In order for Nagy to get this point across, I'm going to have to dismantle some of what I wrote yesterday about Homeric performance qua post-prandial entertainment. Or let me just let Nagy do it: "[T]he epic poetry of Homer refers to epic poetry as a medium that was performed in the context of an evening's feast. Yet we know that the two epic poems of Homer, by virtue of their sheer length alone, defy this context. If we look for the earliest historical evidence, we see that the actually attested context for performing the Iliad and Odyssey was already in the sixth century not simply the informal occasion of an evening's feast, but rather the formal occasion of a festival of Panhellenic repute, such as the Panathenaia in Athens. The performers at such festivals were rhapsoidoi 'rhapsodes' "(21-2). It is Nagy's contention that the rhapsodes "did not sing the compositions that they performed but rather recited them without the accompaniment of the lyre"(24), and that this de-melodized SONG was the origin of poetry. "The point I am making about the context of Homeric performance applies also to the medium of performance: just as the Homeric testimony about the performance of epic by singers at feasts belies the synchronic reality of the performance of epic by rhapsodes at Panhellenic festivals, so also the Homeric testimony about the singer's singing to the accompaniment of the lyre belies the synchronic reality of the rhapsode's reciting without any accompaniment at all"(23-4).
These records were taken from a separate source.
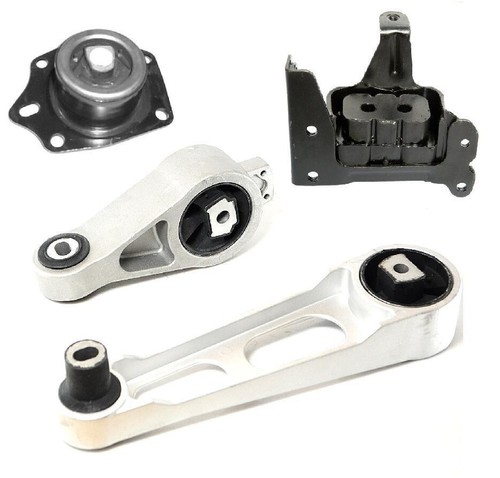 Kit support moteur complet - kit,
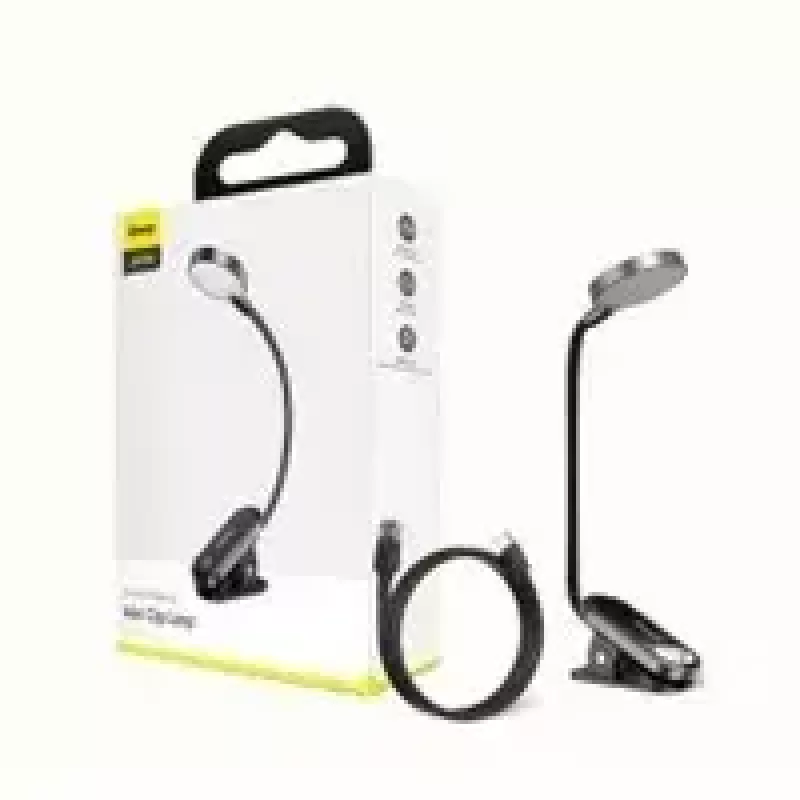 Baseus DGRAD-0G tafellamp grijs
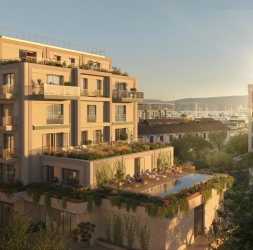 One Bedroom Apartment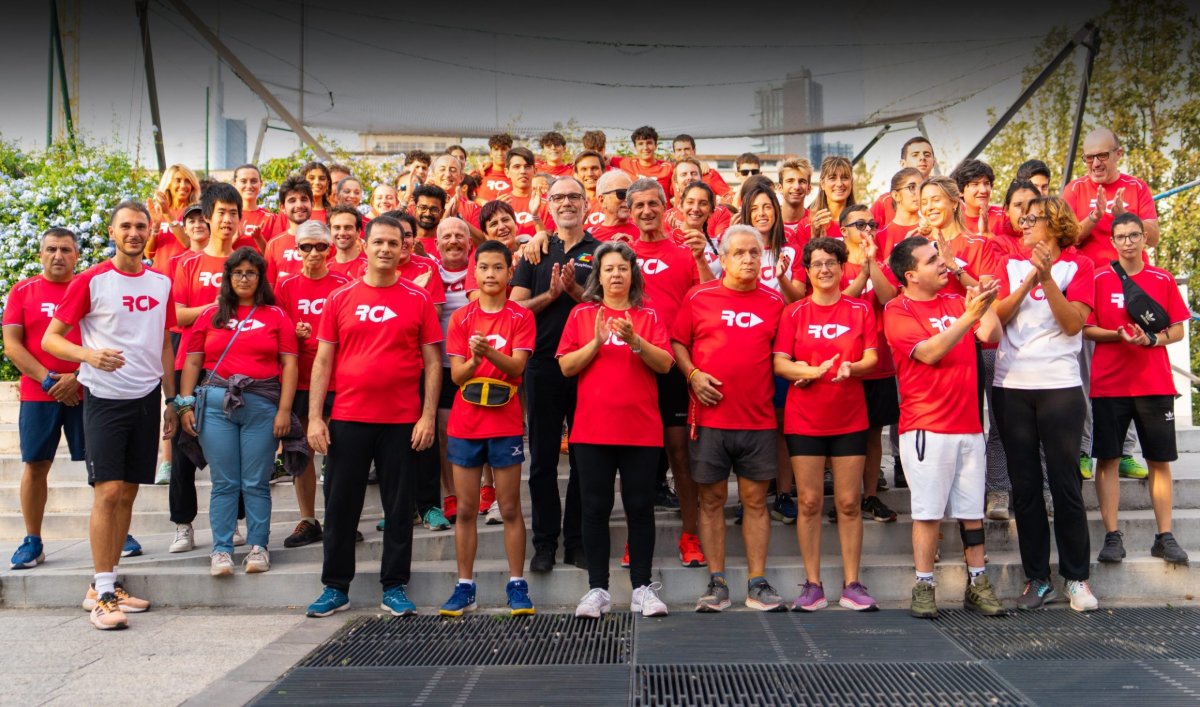 Locandina di TestRun RunChallenge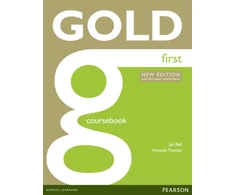 KNYGA Jan Bell Gold First New Edition Coursebook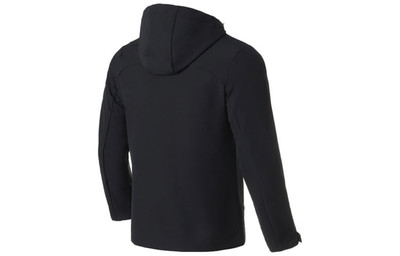 Li-Ning Li-Ning Lifestyle Outdoor Sports Jacket 'Black' AFDQ703-1 outlook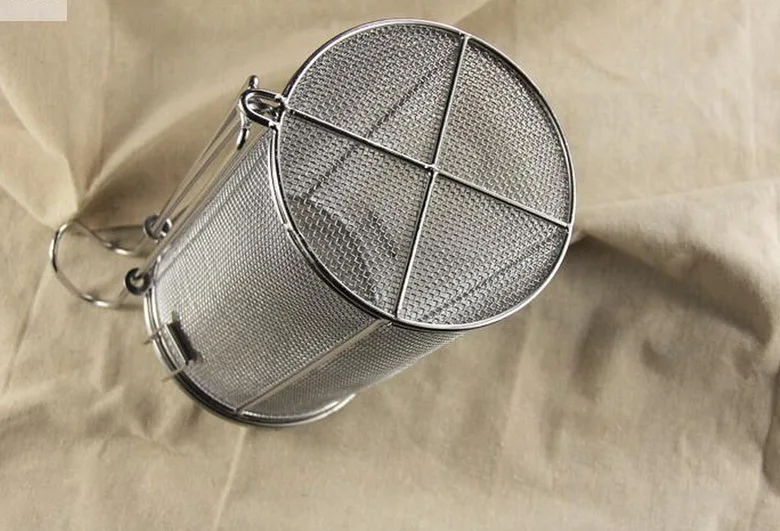 Корзина для супа из нержавеющей стали сетчатый фильтр корзина инструменты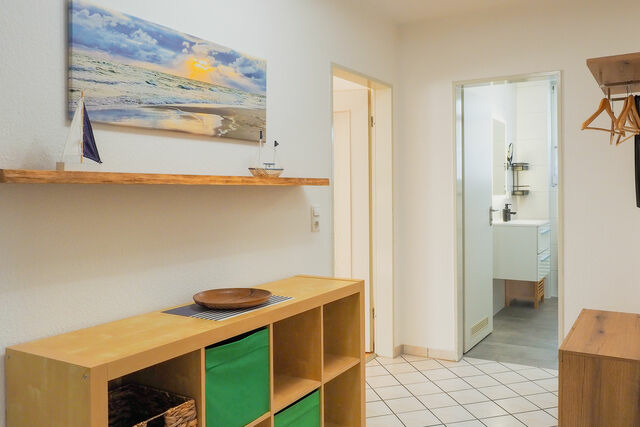Ferienwohnung in Ostseeheilbad Zingst - Residenz "Am Postplatz", Villa Beatrice,Whg.19 - Bild 11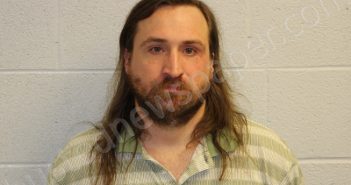VORHEIS, ANDREW SCOTT | 2021-11-10 07:00:00 Jackson County, North Carolina Booking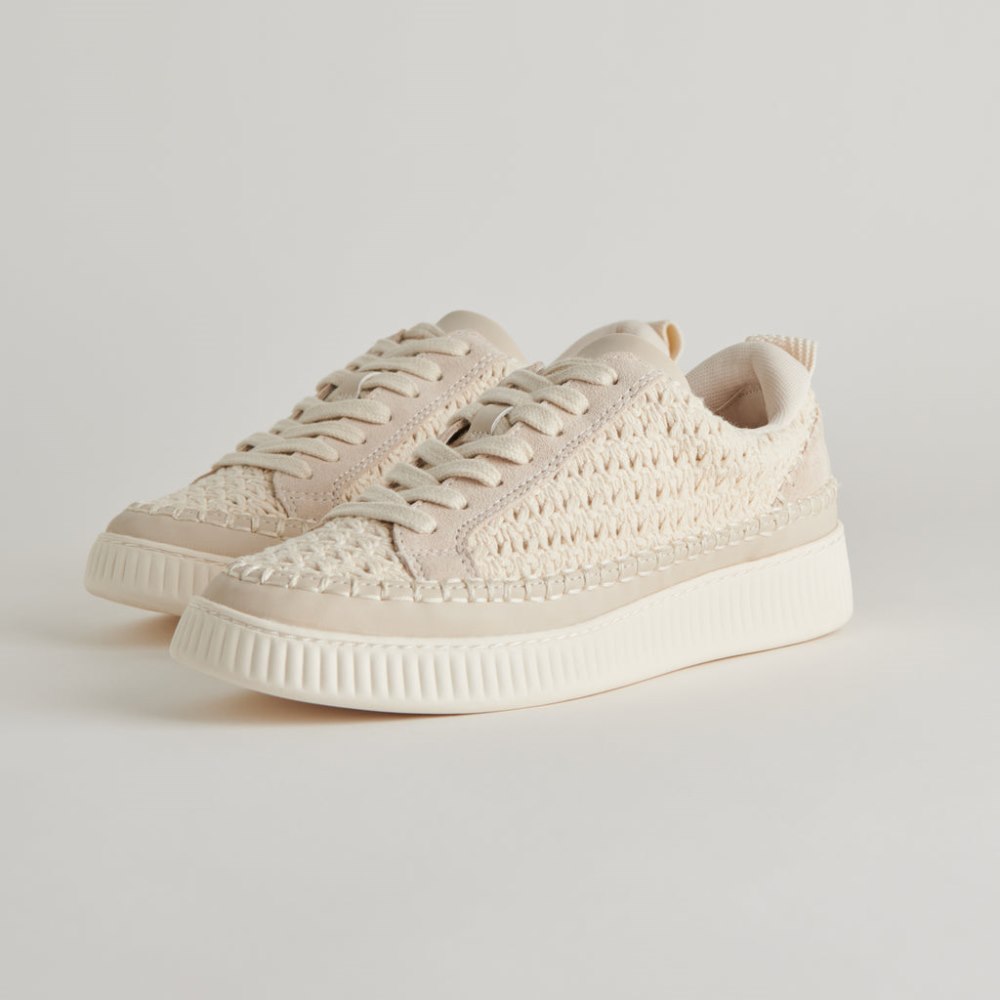 Dolce Vita Nicona Sneakers Sandstone Knit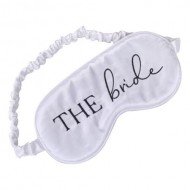 Μάσκα ματιών για την νύφη "The Bride"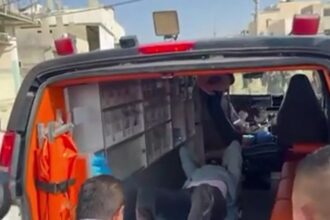 إصابة مصور الجزيرة فادي ياسين برصاص الاحتلال في طولكرم: تفاصيل صادمة - المهجر نت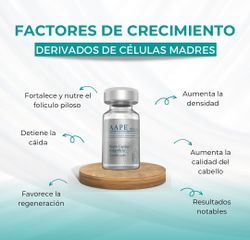 Celulas Madres - Dr. René Flores Aqueveque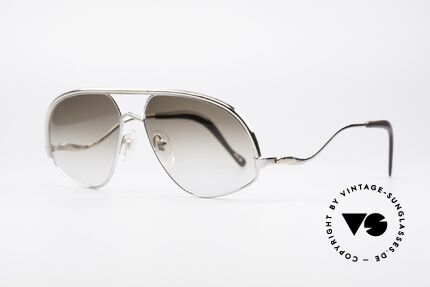 Colani 15-703 Extraordinary Titan Frame, slogan: "The natural world is made up of curved lines", Made for Men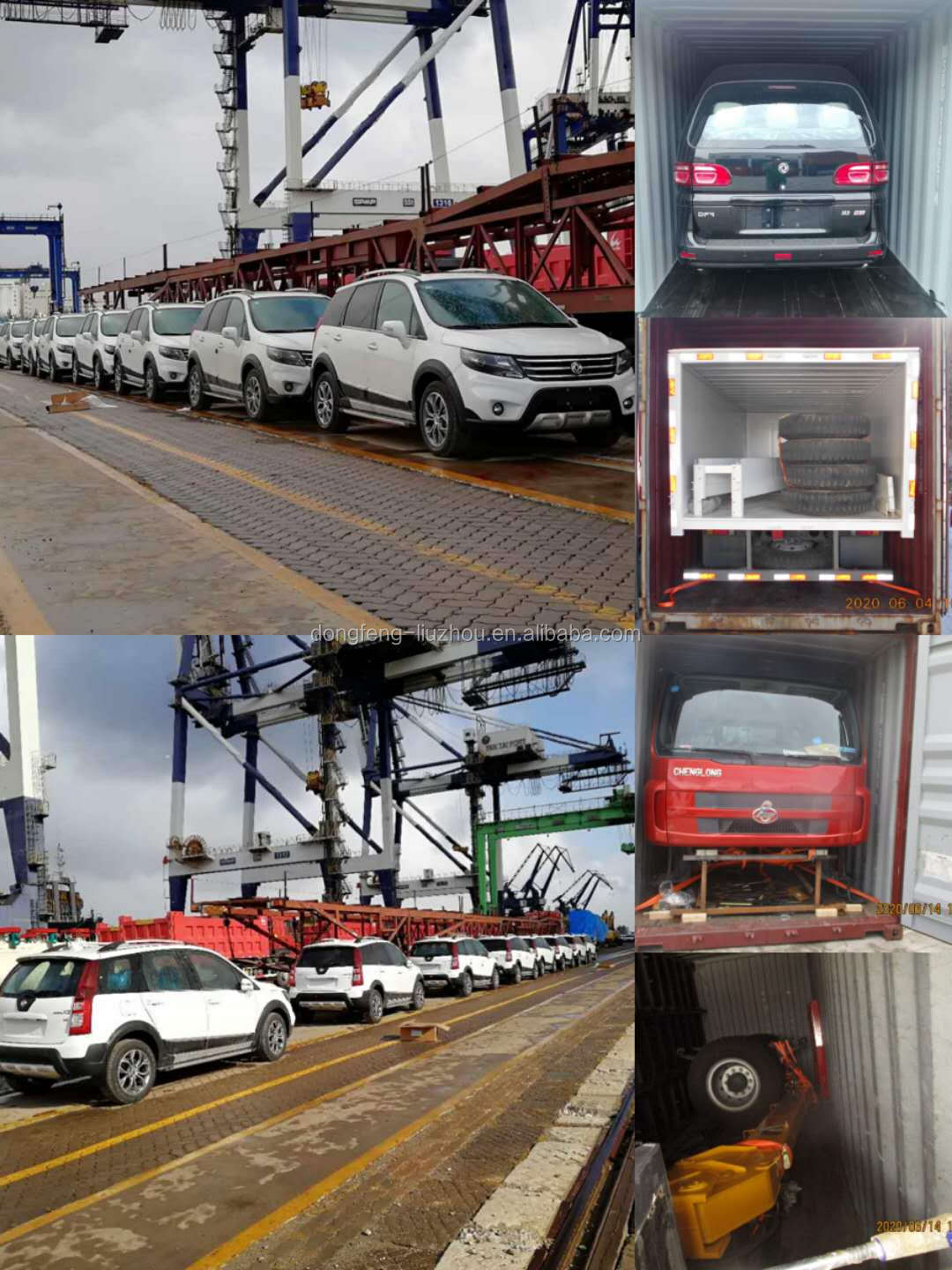 China Hot sale and Dongfeng X3 gasoline SUV new cars with dongfeng suv for sale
If you're still reading, you're primed and ready to take in this passage by ethnomusicologist Bruno Nettl, quoted on pp. 39-40 of Pindar's Homer (brackets Nagy's, boldface mine): "My own theory is based on the assumption that an undifferentiated mode of communication existed in remote times, one which was neither speech nor music [=SONG] but which possessed the three features that they hold in common: pitch, stress [which I reinterpret in the specialized sense of intensity], and duration.... There must have been a long, gradual stage of differentiation and specialization in culture, during which the two [=language and 'music'] became distinct.... This theory, then, postulates three stages in the development of music: (1) undifferentiated communication, (2) differentiation between language and music, and (3) differentiation between various musical styles. The last stage is, of course, the only one for which we have any data at all, and even that... is fairly recent." Music in Primitive Culture (Cambridge, Mass.: Harvard, 1956), 136.

I guess what I'm saying is that I share Nettl's theory, and am quite persuaded by what Nagy does with it. All I would add is that the long-ago moment when SONG and speech became distinguished from each other might be coterminous with the "decisive ontological event" Foucault locates at the dawn of the "work of language": the moment when language spins off a stylized likeness of itself in order to commemorate its habitual struggle against oblivion. Which am I nuts? Or did Nagy and Nettl just take us there?